Magistrado ponente: Jorge Iván Palacio Palacio

Decreto 2127 de 1945Decreto 2541 de 1945Decreto 797 de 1949Ley 6 de 1945

SALA DE CASACION LABORAL SALA DE CASACION LABORAL Radicación No.10248 Acta No.2 Magistrado Ponente: Doctor Jorge Iván Palacio Palacio Santafé de Bogotá D.C., veintinueve (29) de enero de mil novecientos noventa y ocho (1998). Se resuelve por la Corte el recurso extraordinario de casación interpuesto por el apoderado de ABELARDO CHACON TROCHEZ frente a la sentencia del 26 de junio de 1997, proferida por la Sala Laboral del Tribunal Superior del Distrito Judicial de Guadalajara de Buga, en el juicio ordinario del recurrente contra el FONDO DE PASIVO SOCIAL DE LA EMPRESA PUERTOS DE COLOMBIA - EN LIQUIDACION.

A N T E C E D E N T E S El señor Chacón Trochez demandó ante el Juzgado Primero Laboral del Circuito de Buenaventura, al Fondo de Pasivo Social de Puertos de Colombia para que, previo el trámite del proceso ordinario laboral de doble instancia, se le condenara a entregarle el certificado médico de egreso y a pagarle la indemnización moratoria hasta cuando efectivamente se le entregue dicho certificado así como al reconocimiento y pago “de cualquier otro salario, prestaciones sociales e indemnizaciones que le correspondan…” y las costas del proceso.

Funda sus pretensiones en que trabajó al servicio de la Empresa Puertos de Colombia en el Terminal Marítimo de Buenaventura y al terminar la relación laboral aun cuando se le practicó el examen médico de egreso, no se le hizo entrega del certificado de salud que ordenan el reglamento de trabajo y la convención colectiva de la cual era el actor beneficiario.

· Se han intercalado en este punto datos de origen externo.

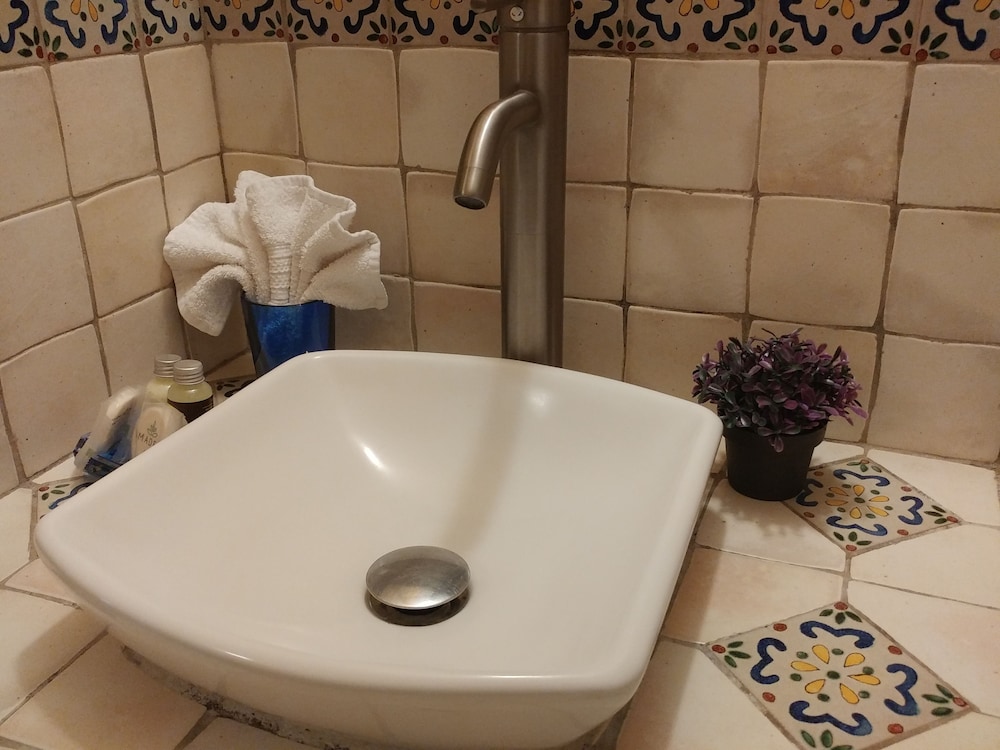 Bathroom sink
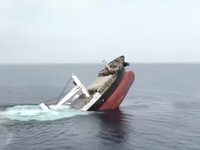 Laut Merah Panas Lagi, Houthi Tenggelamkan Kapal yang Melintas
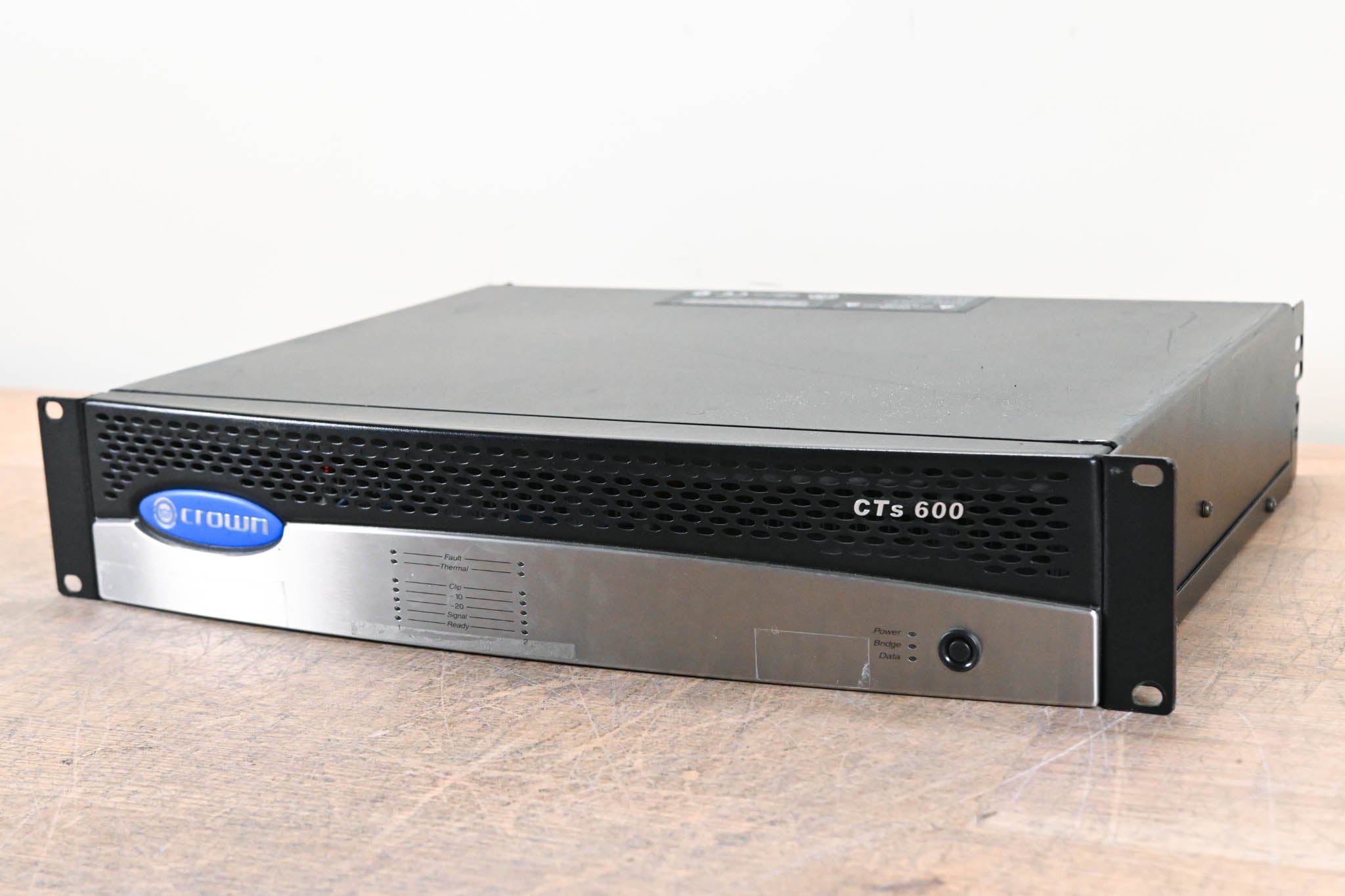 Crown CTs 600 Two-Channel 300W Power Amplifier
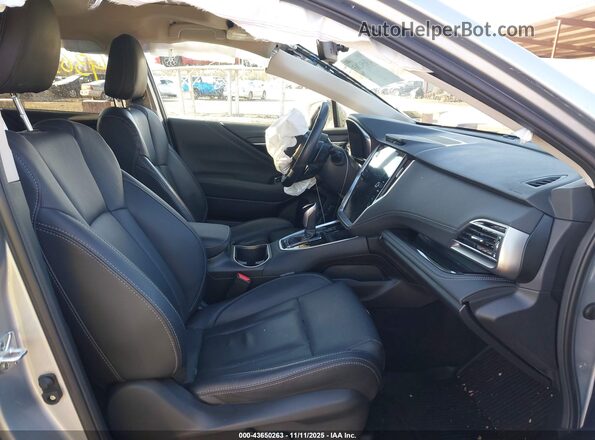 4S4BTANCXP3154373 2023 SUBARU OUTBACK Silver წინა სალონის ხედი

(folios 2 a 7 del primer cuaderno) En la respuesta al libelo la demandada se opone a las pretensiones argumentando que “para la entrega del certificado médico no es necesario acudir a la vía judicial” ya que ha debido hacerlo el extrabajador desde el momento en el cual se le practicó el examen, toda vez que la empresa obró de buena fe. Dentro de la primera audiencia de trámite la demandada propuso la excepción de cobro de lo no debido y la hace consistir en que el actor en ningún momento reclamó a la empresa el certificado que pretende con la demanda el cual obra en su hoja de vida “ni tampoco actualizó la dirección de su residencia” a efecto de que se le enviara dicho certificado a la misma (folios 30, 31 y 37 del primer cuaderno) La primera instancia culminó con la sentencia del 4 de diciembre de 1996, la cual condenó a la demandada a entregarle al demandante el certificado de salud y a pagarle la suma de $16.298,15 diarios, desde el 3 de febrero de 1992 “hasta que se haga entrega del certificado de salud…”; declaró “no probadas las excepciones propuestas e impuso las costas a la demandada.

Por apelación de la parte demandada conoció en segunda instancia la Sala Laboral del Tribunal superior del Distrito Judicial de Guadalajara de Buga y mediante el fallo recurrido en casación, revocó la sentencia de primer grado, absolvió a la entidad demandada e impuso las costas a la parte actora. EL RECURSO EXTRAORDINARIO Lo interpuso el apoderado de la parte demandante.

Concedido por el Tribunal y admitido por ésta Sala de la Corte, se procede a decidirlo, previo el estudio de la demanda correspondiente, así como del escrito de réplica oportunamente introducido a la actuación. ALCANCE DE LA IMPUGNACION Dice: “Aspiro a que se CASE TOTALMENTE LA SENTENCIA DE SEGUNDA INSTANCIA, en cuanto REVOCO la de primer grado.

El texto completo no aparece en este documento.